### DIRECTIONS FOR THIS TASK
Take the data below and copy exactly the lines starting at the one with "Peacock Peperomia Live" and finishing at the one with "ethiopia-guji-tero-farm-3.jpg", both included.

[AVAILABLE DATA — start]

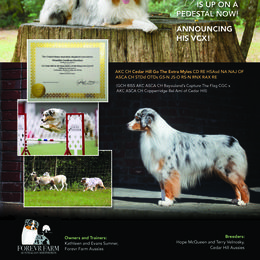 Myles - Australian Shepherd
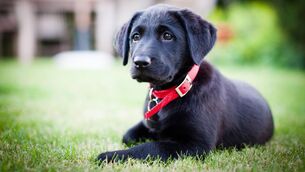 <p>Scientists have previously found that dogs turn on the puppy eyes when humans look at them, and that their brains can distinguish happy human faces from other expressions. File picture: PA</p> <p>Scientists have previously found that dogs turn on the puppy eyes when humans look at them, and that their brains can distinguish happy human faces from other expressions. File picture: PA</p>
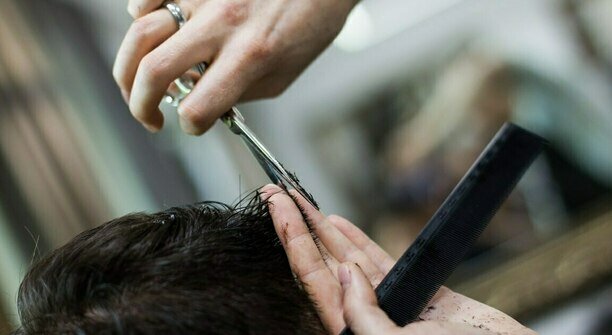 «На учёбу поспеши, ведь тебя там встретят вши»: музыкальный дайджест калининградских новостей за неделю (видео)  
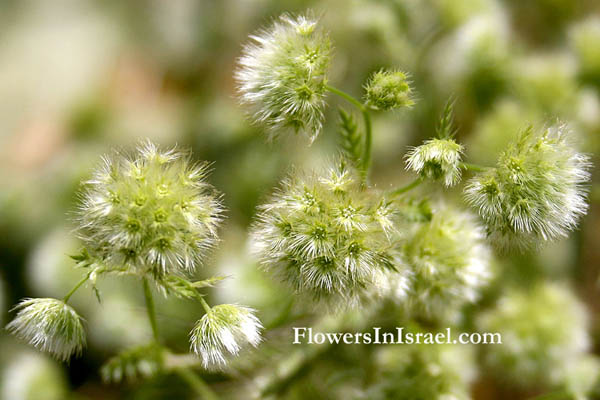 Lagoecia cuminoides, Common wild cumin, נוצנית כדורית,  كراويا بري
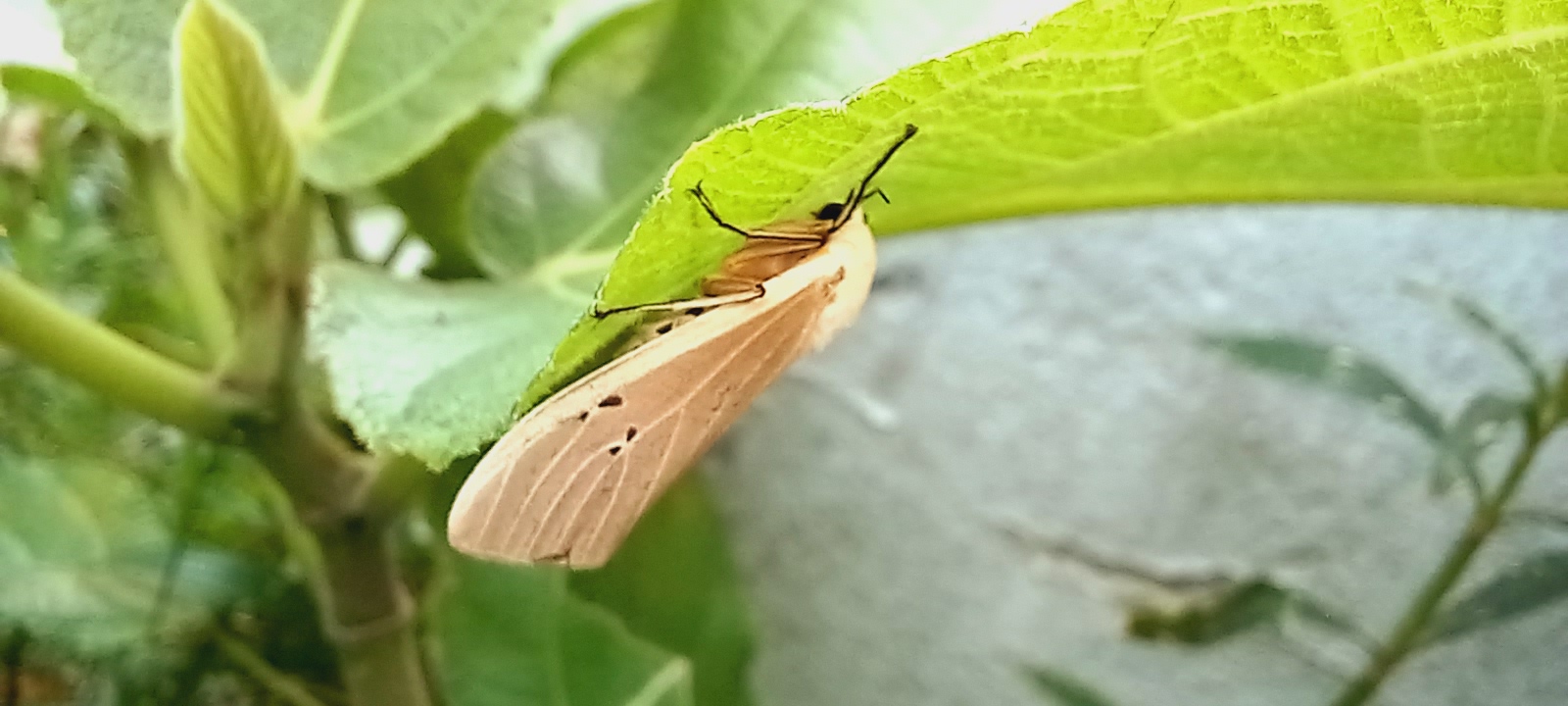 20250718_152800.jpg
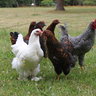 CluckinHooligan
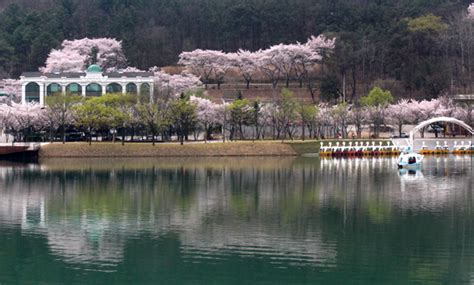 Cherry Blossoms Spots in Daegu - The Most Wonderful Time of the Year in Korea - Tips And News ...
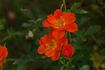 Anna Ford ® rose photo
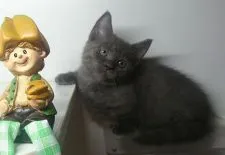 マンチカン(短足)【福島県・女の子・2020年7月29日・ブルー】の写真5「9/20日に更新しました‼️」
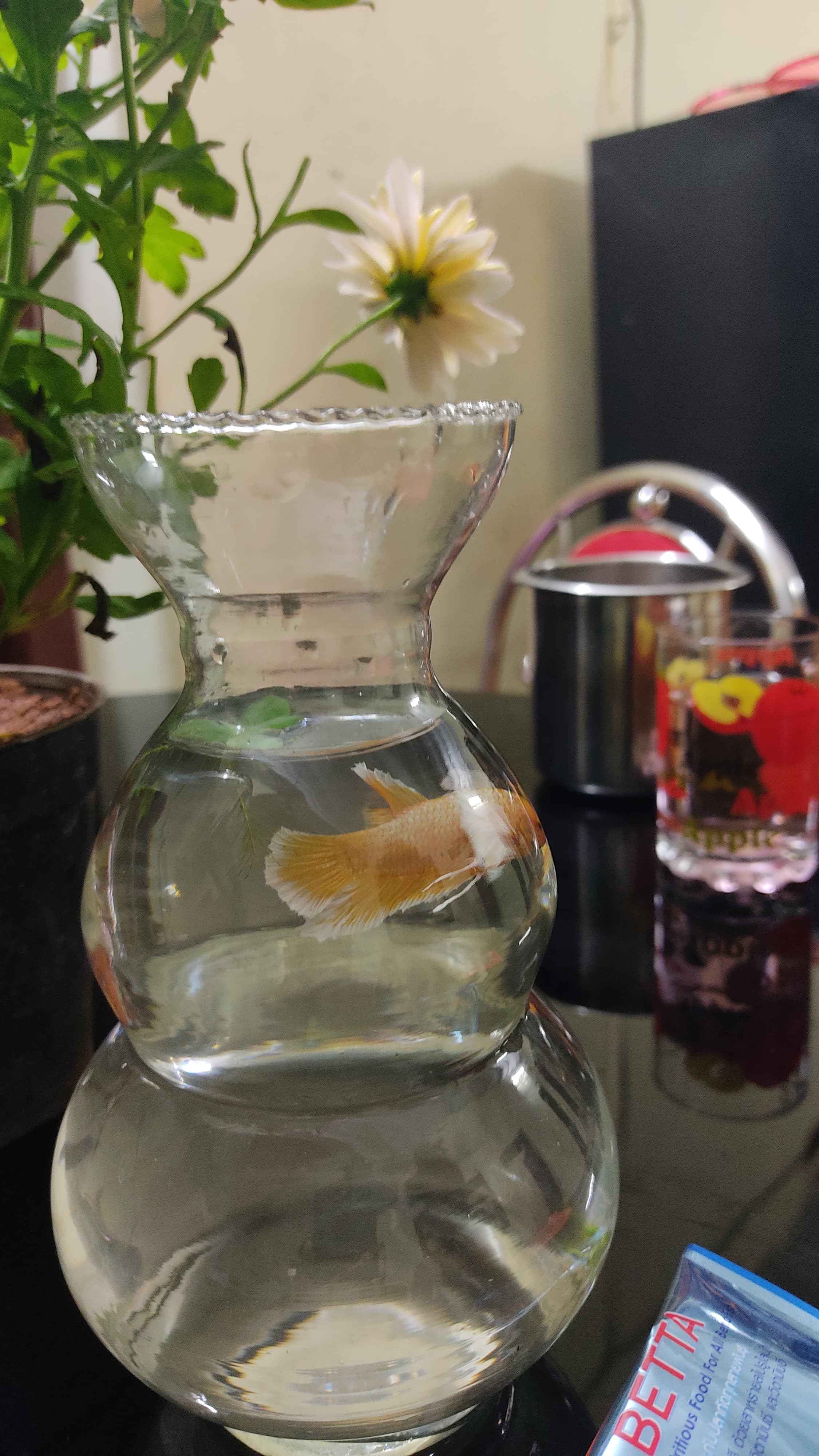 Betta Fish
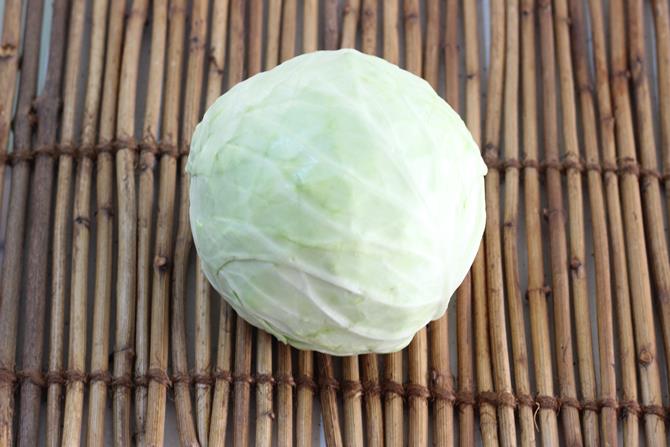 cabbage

[AVAILABLE DATA — finish]
[AVAILABLE DATA — start]

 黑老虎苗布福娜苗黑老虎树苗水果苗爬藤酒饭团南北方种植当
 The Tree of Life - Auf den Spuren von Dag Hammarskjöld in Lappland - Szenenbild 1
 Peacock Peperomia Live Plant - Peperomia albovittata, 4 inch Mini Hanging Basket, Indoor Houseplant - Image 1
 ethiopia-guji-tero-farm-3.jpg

[AVAILABLE DATA — finish]

### REPLY
 Peacock Peperomia Live Plant - Peperomia albovittata, 4 inch Mini Hanging Basket, Indoor Houseplant - Image 1
 ethiopia-guji-tero-farm-3.jpg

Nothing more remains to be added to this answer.